Looking at Gustavo Caetano-Anolles’ Chapter (2024) “Evolution of Biomolecular Communication” (Part 4 of 10)

0346 Then what happens?

Wood-eating insects, who create the damage that attracts the cellulose-clinging bacteria, inadvertently ingest these bacteria, who do not create the damage that nourishes them.  Bacteria are only present to exploit a long-established relation between exposed cellulose and food.

So, when a cellulose-clinging bacteria gets ingested, it can serve as food for the termite (if it dies) or it can simply pretend that nothing significant has changed (if it lives).  Bacteria can still hold onto cellulose in the termite’s gut and compete for food with the termite’s own digestive system.

0347 The bacteria’s competition with the termite’s own capacity to digest alpha-linked polysaccharides presents a signaling error.  It is as if exposed cellulose (SVs) no longer indicates that food is in the vicinity (SOs) according to the ways that this bacteria interprets the world (SIs).
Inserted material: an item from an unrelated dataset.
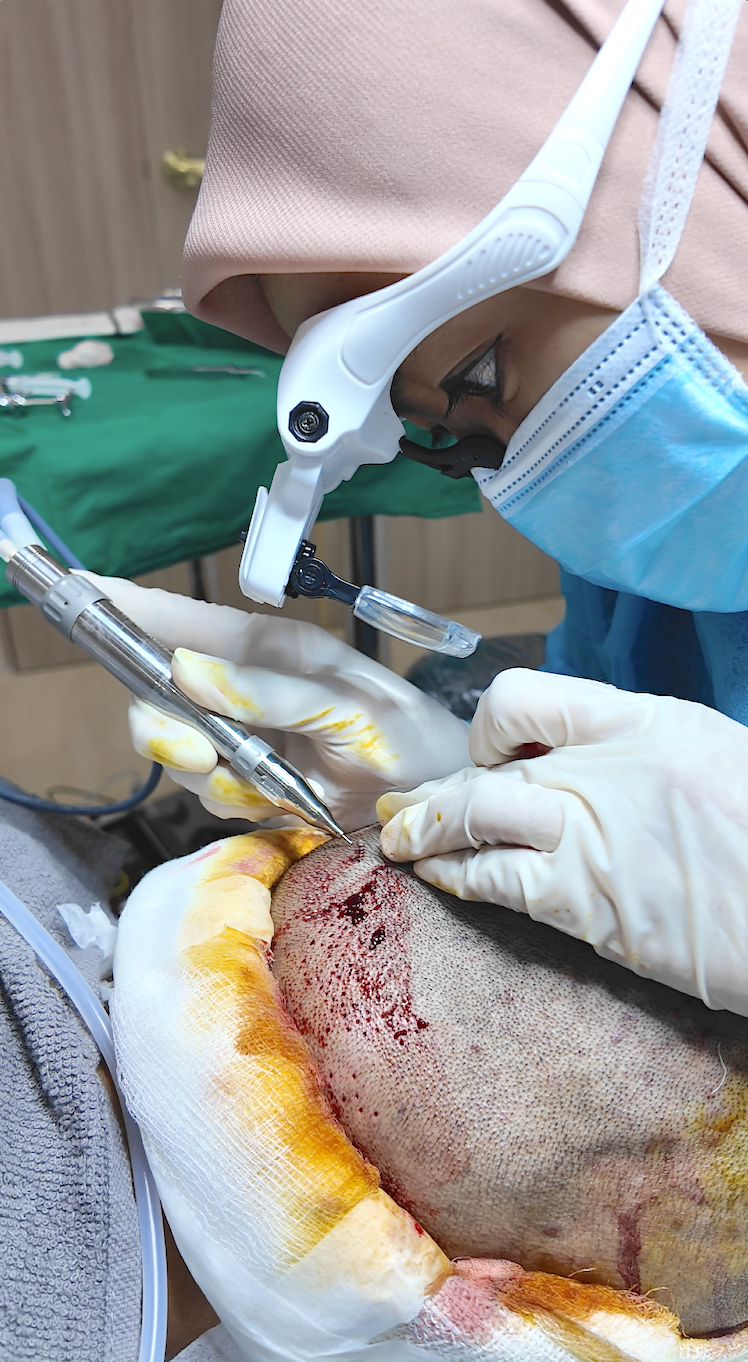 Dr Deena placing grafts with an implanter pen during an FUE hair transplant at Thrive Hair Clinic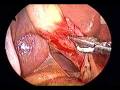 Totally Transumbilical laparoscopic cholecystectomy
0348 The specifying sign-relation fails because the bacteria clings to cellulose inside the wood-eating insect’s gut, but this no longer indicates that alpha-linked polysaccharides are available for food.

0349 Then what happens?

Well, phase one ends in this hypothetical scenario when the two independent biomolecular capacities that are innate in the bacteria, the ability to latch onto cellulose and the ability to cleave glucose from alpha-linked polysaccharides, get bound to one another.  Now, a beta-linked polysaccharide chain may be held by the latching molecule and be conformationally distorted enough that a terminal glucose can be cleaved by the original cleaving enzyme.

0350 The bacteria lives off some of the glucose that it liberates.  But, the potential source of glucose has changed from the starchy alpha-linked polysaccharides that both insect gut and bacteria digest to include previously undigestible beta-linked polysaccharides now available to the bacteria.  Indeed, the bacteria release more glucose into the gut than what is available from alpha-linked polysaccharides.

The insect already has pathways for transporting glucose from the gut to the body.

The insect uses the free glucose for its own metabolism.  All it needs to do is eat more wood and keep transporting liberated glucose out of its gut, so there is no build-up of soluble glucose in the gut and the bacteria keep that beta-link cleaving pathway operating.